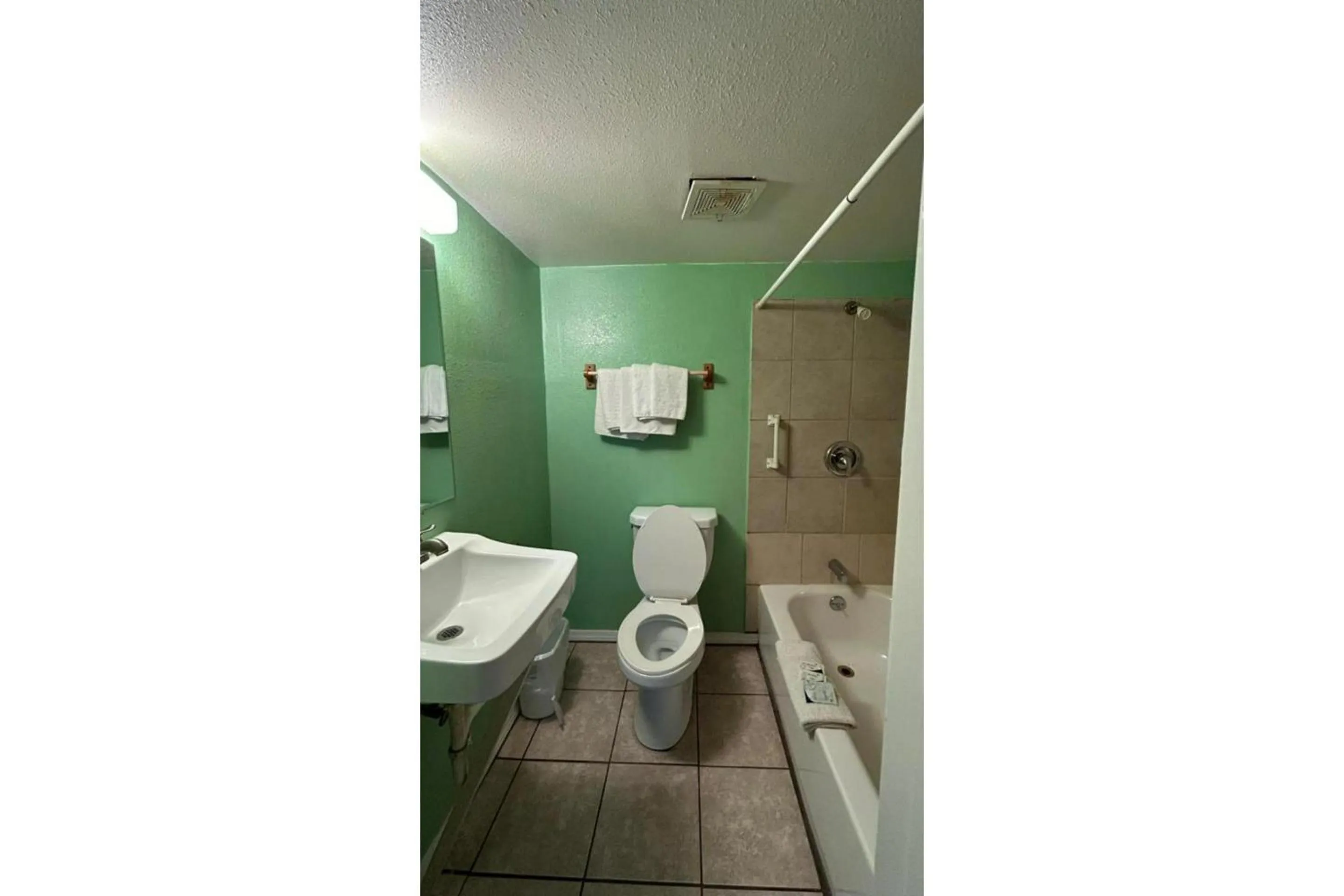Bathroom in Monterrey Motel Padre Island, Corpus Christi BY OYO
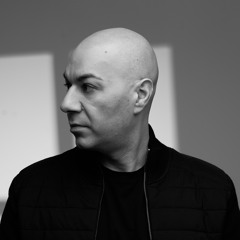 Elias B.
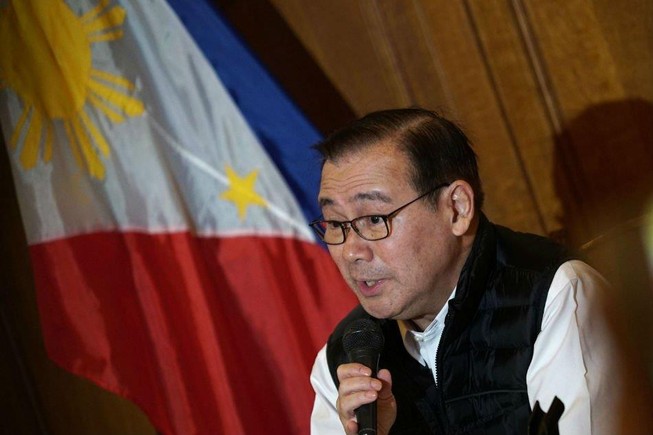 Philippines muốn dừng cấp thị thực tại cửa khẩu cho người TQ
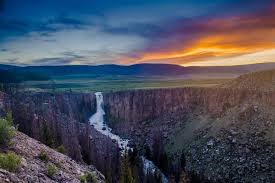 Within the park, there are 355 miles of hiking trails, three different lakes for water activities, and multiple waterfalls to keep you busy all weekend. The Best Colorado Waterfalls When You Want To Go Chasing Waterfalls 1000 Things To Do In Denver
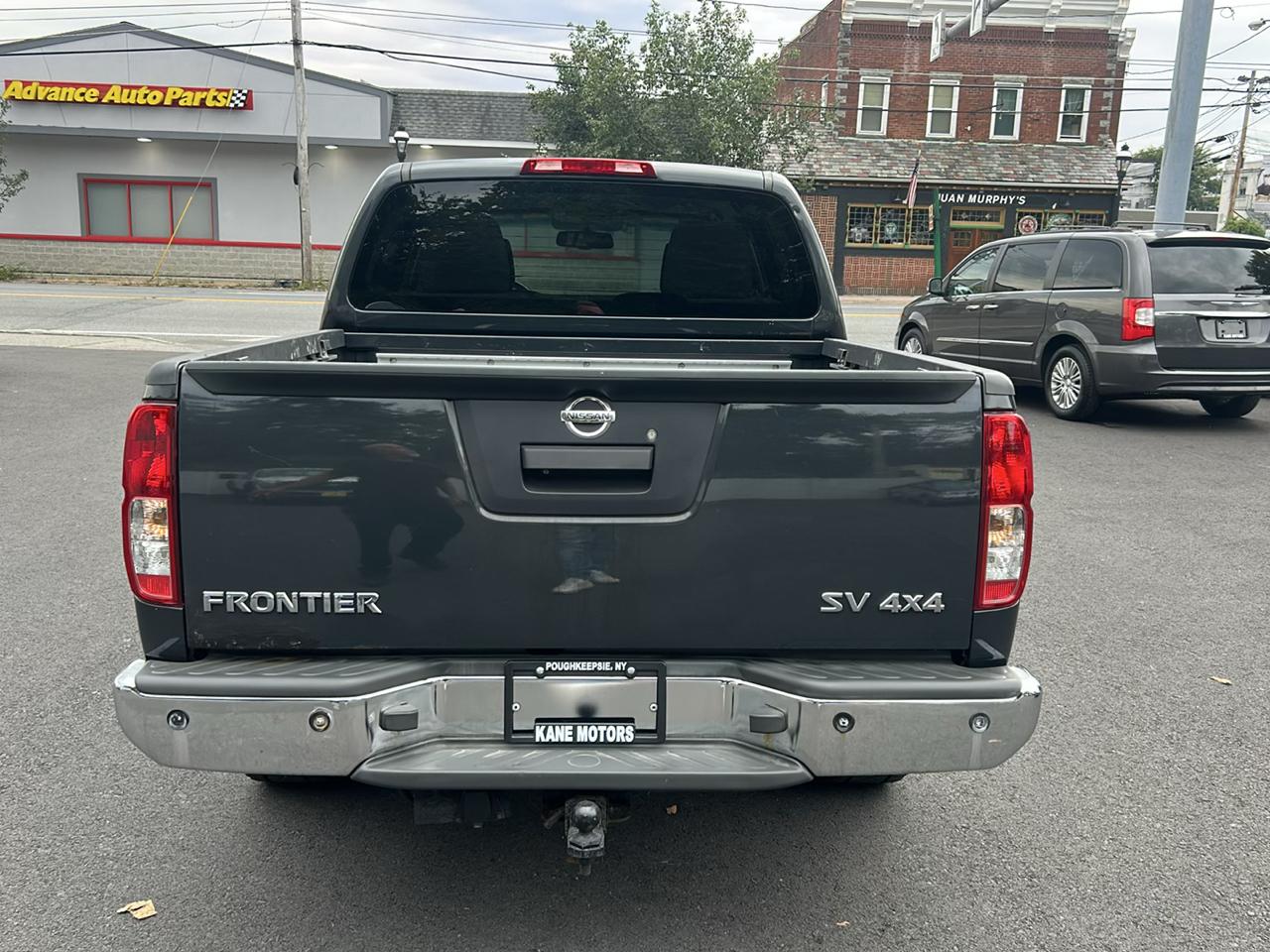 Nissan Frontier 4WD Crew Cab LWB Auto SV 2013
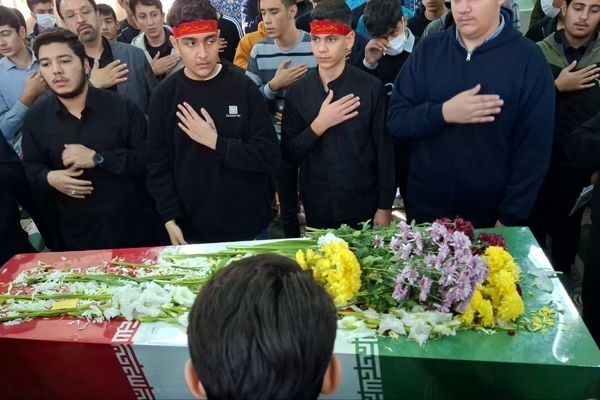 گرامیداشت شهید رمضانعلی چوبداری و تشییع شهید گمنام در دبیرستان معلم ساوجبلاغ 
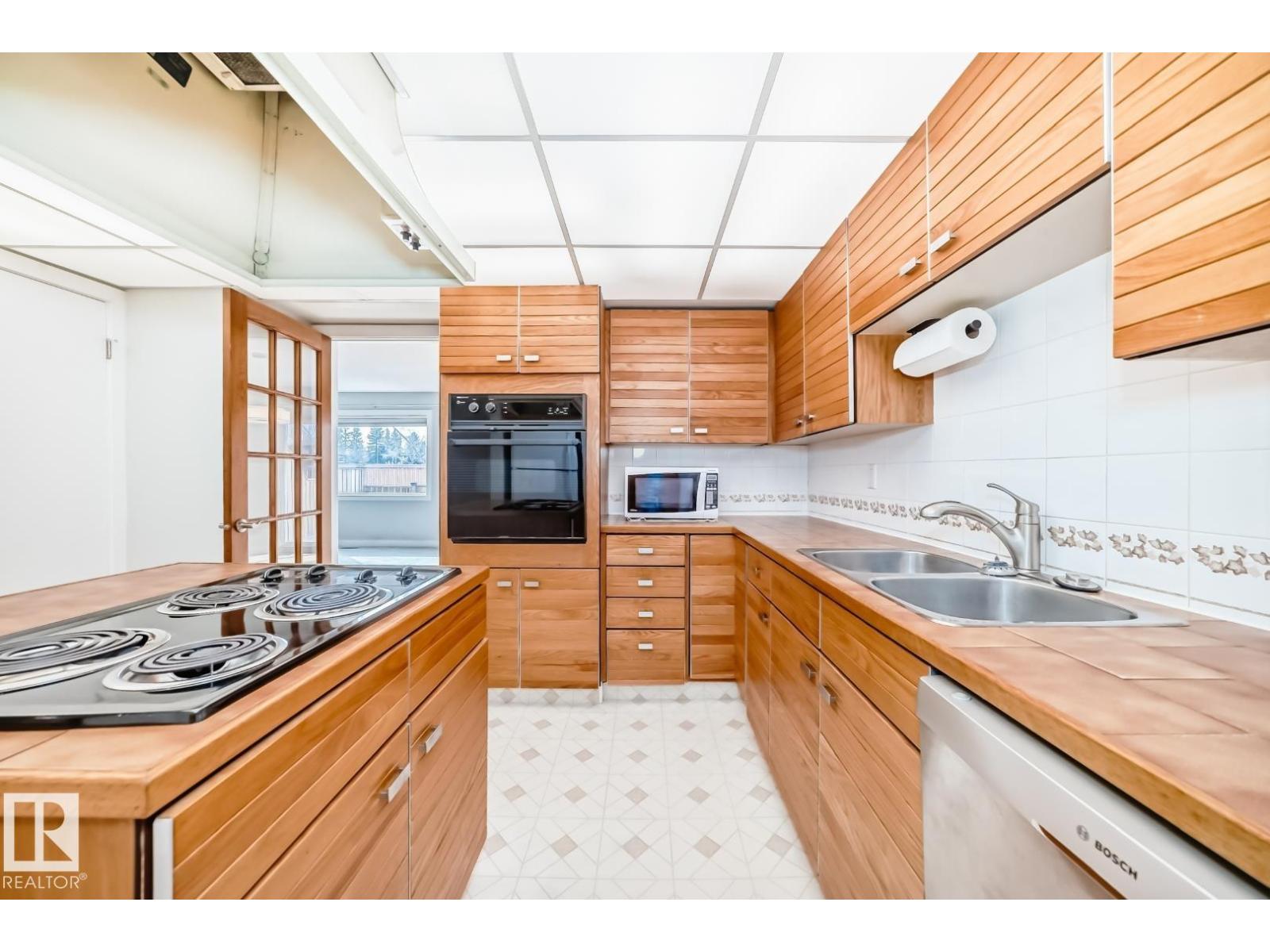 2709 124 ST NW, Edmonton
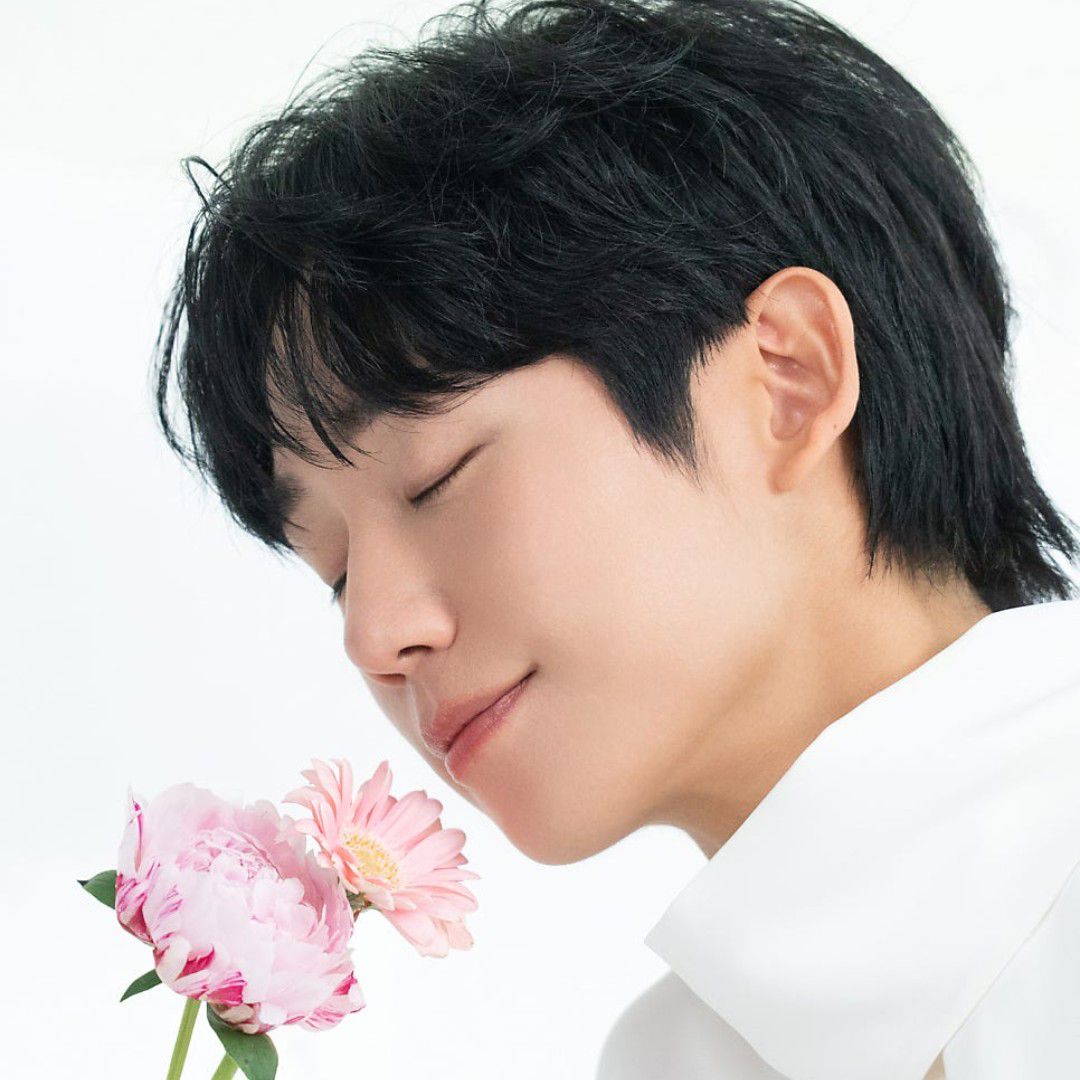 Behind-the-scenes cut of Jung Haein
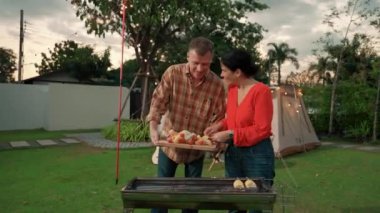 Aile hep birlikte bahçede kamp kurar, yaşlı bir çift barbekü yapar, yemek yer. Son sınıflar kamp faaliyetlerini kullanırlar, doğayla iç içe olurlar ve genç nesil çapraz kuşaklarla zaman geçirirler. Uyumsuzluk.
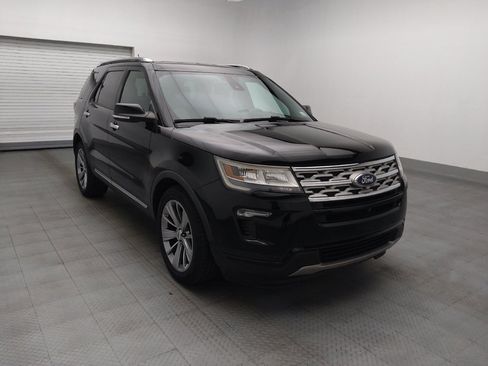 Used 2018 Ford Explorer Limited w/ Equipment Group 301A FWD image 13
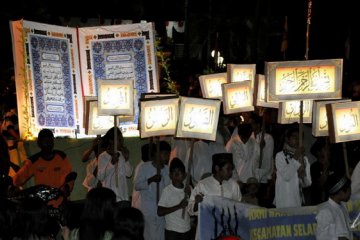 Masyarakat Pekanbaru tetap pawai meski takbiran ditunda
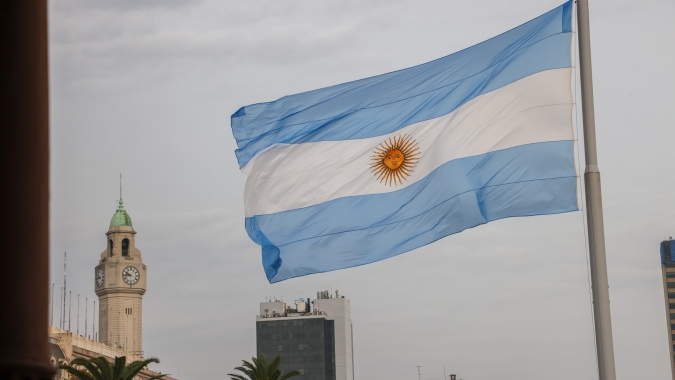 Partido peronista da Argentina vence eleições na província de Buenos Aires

## WHAT IS BEING ASKED
Please repeat every line of the material above exactly and without its pictures.

## ANSWER
Bathroom in Monterrey Motel Padre Island, Corpus Christi BY OYO
 Elias B.
 Philippines muốn dừng cấp thị thực tại cửa khẩu cho người TQ
 Within the park, there are 355 miles of hiking trails, three different lakes for water activities, and multiple waterfalls to keep you busy all weekend. The Best Colorado Waterfalls When You Want To Go Chasing Waterfalls 1000 Things To Do In Denver
 Nissan Frontier 4WD Crew Cab LWB Auto SV 2013
 گرامیداشت شهید رمضانعلی چوبداری و تشییع شهید گمنام در دبیرستان معلم ساوجبلاغ 
 2709 124 ST NW, Edmonton
 Behind-the-scenes cut of Jung Haein
 Aile hep birlikte bahçede kamp kurar, yaşlı bir çift barbekü yapar, yemek yer. Son sınıflar kamp faaliyetlerini kullanırlar, doğayla iç içe olurlar ve genç nesil çapraz kuşaklarla zaman geçirirler. Uyumsuzluk.
 Used 2018 Ford Explorer Limited w/ Equipment Group 301A FWD image 13
 Masyarakat Pekanbaru tetap pawai meski takbiran ditunda
 Partido peronista da Argentina vence eleições na província de Buenos Aires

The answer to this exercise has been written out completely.